In August 2005, Boeing announced the completion of the project’s first major milestone, the Systems of Systems Functional Review. Boeing Company and Science Applications International Corporation (SAIC) we’re co-leads for the systems integration, coordinating more than 550 contractors and subcontractors in 41 states. By October 2005, the Pentagon recommended delaying the FCS project due to the high cost impact of the Iraq War, Hurricane Katrina relief efforts and the anticipation of future budget reductions. Budget cuts did arise and the project was canceled in June 2009. While the Spiral Model is suited for large projects, it never had the chance to prove its benefits in the intricate $3B interoperable, distributed combat related mission.
Today the Spiral Model has found a welcome home in the gaming industry. The large (>$3M) projects and continuously shifting goals of gaming systems development and resolutions achieved through evolutionary prototyping has created a demand for the process. For every spiral’s iteration, there are four activity quadrants which are:
- Determine objectives, alternatives and constraints:
- System requirements are defined in as much detail as possible and include artifacts for functionality, performance, hardware/software interfaces, key success metrics, etc.
- Alternatives such as build vs. buy, can we reuse existing components or do we sub-contract are examined
- Constraints such as cost, schedule and interfaces are addressed
- Identify and resolve risks, evaluate alternatives:
- All possible and available alternatives for developing a cost effective project are evaluated and strategies developed to determinate their use
- Identify and resolve all the possible risks in the project such as lack of experience, new technology, tight schedules, poor process, etc.
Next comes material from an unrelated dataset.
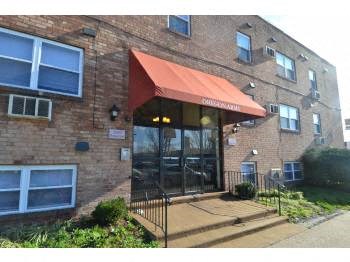 the front of a brick building with a red awning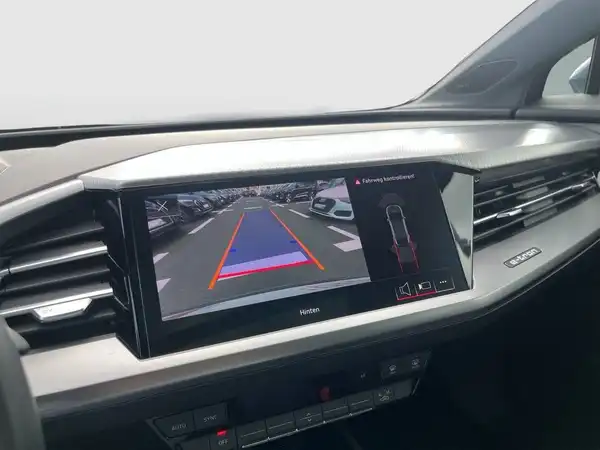 Das Bild zeigt den Innenraum eines AUDI Q4 SPORTBACK E-TRON mit einem Displayscreen, der die Rückfahrkamera anzeigt.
- Resolve any found risks and uncertainties. Subset reviews may be commissioned to investigate other process models until all high risk situations are resolved
- Development and test: Prototype the system from the preliminary design. Follow the usual pattern of create and review design, code, inspect code and test
- Plan the next iteration:
- Review the first prototype for strengths, weaknesses, and risks
- Elicit the requirements for the second prototype
- Plan and design the second prototype;
- Create the project plan
- Document the configuration management plan
- Construct a test plan
- Devise an installation plan
As the spirals progress and development intensifies, increasingly detailed system elaborations are defined, culminating in incremental releases of the system’s operational capability. A couple of the major problems with this approach are that spirals may continue indefinitely and each spiral is its own waterfall. It is iterative in terms of the delivery of evolutionary prototypes and linear in terms of how those prototypes are evaluated for risk and constructed. For the most part it’s best to avoid long-term project commitments due to potential changes in business priorities.